> _To do_
Could you reproduce the lines below from the one with "Xerox 003N01051 printer/scanner" through the one with "233 Tanglewood Lane Property Photo 38"? Keep both ends and add nothing.

> _Records to process_
****
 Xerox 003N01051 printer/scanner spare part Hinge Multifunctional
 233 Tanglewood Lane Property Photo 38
****
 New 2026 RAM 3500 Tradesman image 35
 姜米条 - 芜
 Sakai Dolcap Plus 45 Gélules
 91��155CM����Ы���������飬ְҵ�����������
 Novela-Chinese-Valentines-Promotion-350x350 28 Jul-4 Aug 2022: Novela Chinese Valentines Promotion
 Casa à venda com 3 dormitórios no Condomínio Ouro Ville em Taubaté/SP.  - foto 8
****
> _Answer to this problem_
 Xerox 003N01051 printer/scanner spare part Hinge Multifunctional
 233 Tanglewood Lane Property Photo 38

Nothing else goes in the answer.